Al padre Casero, bien es cierto, le ayudan María Teresa Campos, la mujer de experiencia, y María Casanova, la belleza casera y mojigata, pero no cabe duda de que, frente a la mortecina fase anterior en que la Campos era única conductora del programa, las más altas instancias han juzgado necesaria la invitación de lo bello sagrado a lo profano que supone la presencia en los platos del reverendo con sus elegantísimas camisas de lino abiertas por el tercer botón.

Lo que eso insinúa da mucho que pensar. ¿Habrá obtenido, así, Felipe Mellizo su recinte premio periodístico no por bueno sino por feo, en un medio donde lo que se da es lo bello?

A este respecto, la influencia dejada en Prado del Rey por el exiliado (voluntario) Pepe Navarro es indiscutible, y más profunda de lo que parecía. En La tarde, tras los paréntesis sesudos y pizpiretos de Paco Montesdeoca y Nuria Gispert, se vuelve, como hemos visto, a los cánones clásicos de belleza, pero es que se está contagiando a todos los programas esta oleada de hermosura y elegancia.

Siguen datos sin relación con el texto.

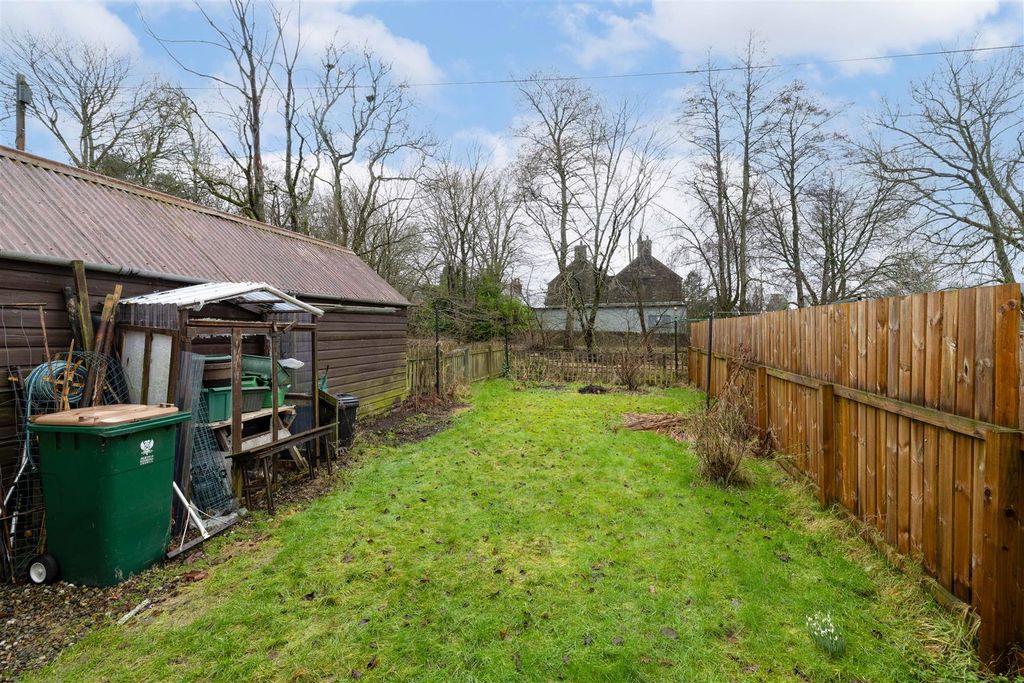 Property photo 2 of 19 1 Tayside Place, Aberfeldy-7.Jpg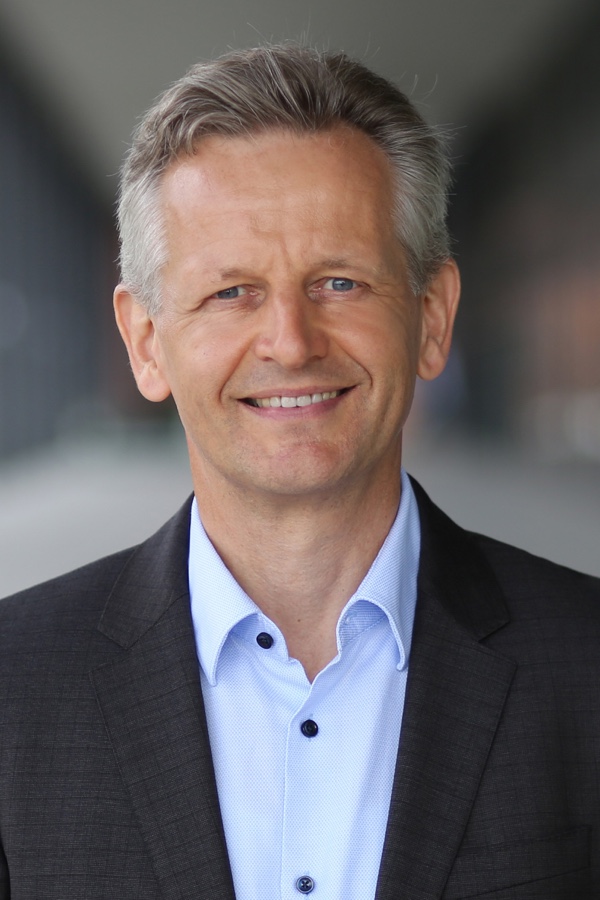 Bauwerk Group: Müller steigt auf, Baumann verantwortet Schweiz
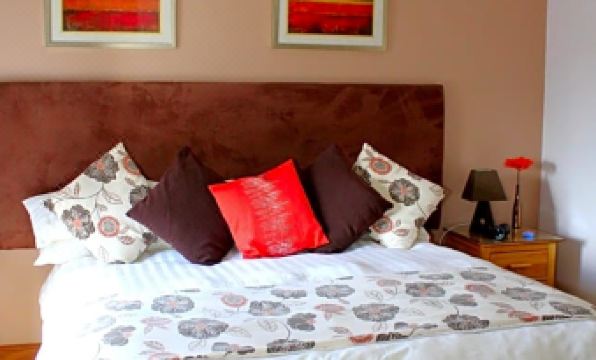 Backbrae House Luxury B&B - Housity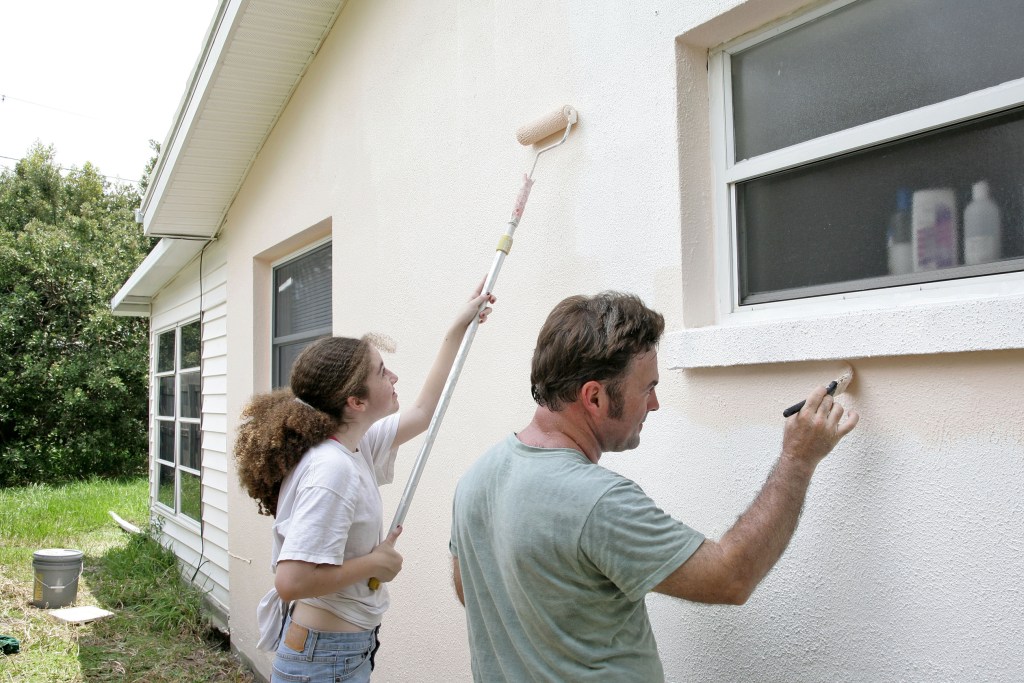 Painting in humid weather: Here are some tips | 21Oak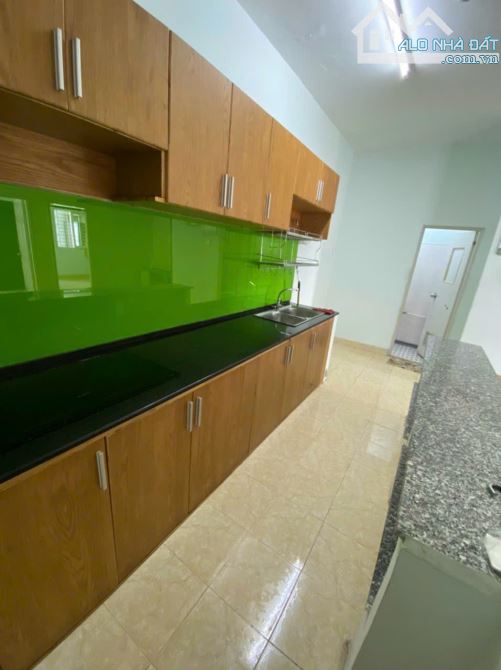 Cần cho thuê căn hộ chung cư 109 Nguyễn Biểu Phường 1 Quận 5, diện tích 55m2, 2 - 3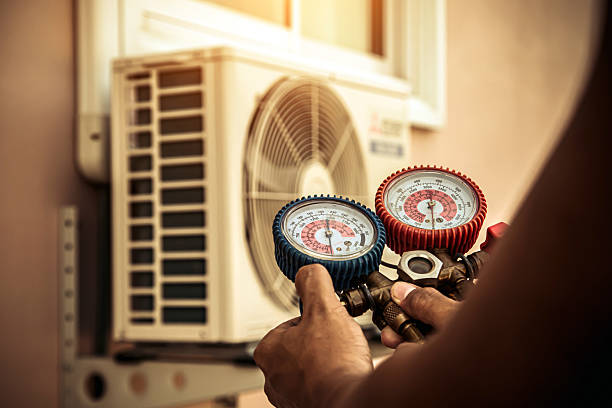 Professional Ductwork Repair technician working in Oakford, IN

Fernando G. Tola, Pablo Lizcano y José Miguel Ullán, a quienes se ha visto en la vida real un cierto desaliño indumentario, aparecen en sus programas respectivos impecablemente trajeados y hasta con alfileres de corbata; Olvido Alaska, que no es exactamente hermosa, ha llegado a salir muy favorecida por ganchos y peinetas en sus presentaciones infantiles de La bola de cristal.

Y ¿qué decir de los deportes, disciplinas viriles y austeras en las que uno podría imaginar que estas frivolidades no interesan?

Pues ahí están las noticias de baloncesto y tenis, de fútbol y alpinismo, presentadas por Elena Sánchez, monísima, y por Frederic Porta, monísimo.

Solo digo una cosa. Tras esta apoteosis de belleza, nuestros ojos, regalados como los de los tratadistas de estética del neoclasicismo, no van a contentarse. Tenemos lo grotesco (aquí no digo nombres), lo feo y lo hermoso; ¿cuándo va a llegar a nuestros receptores lo sublime? Todo es esperar.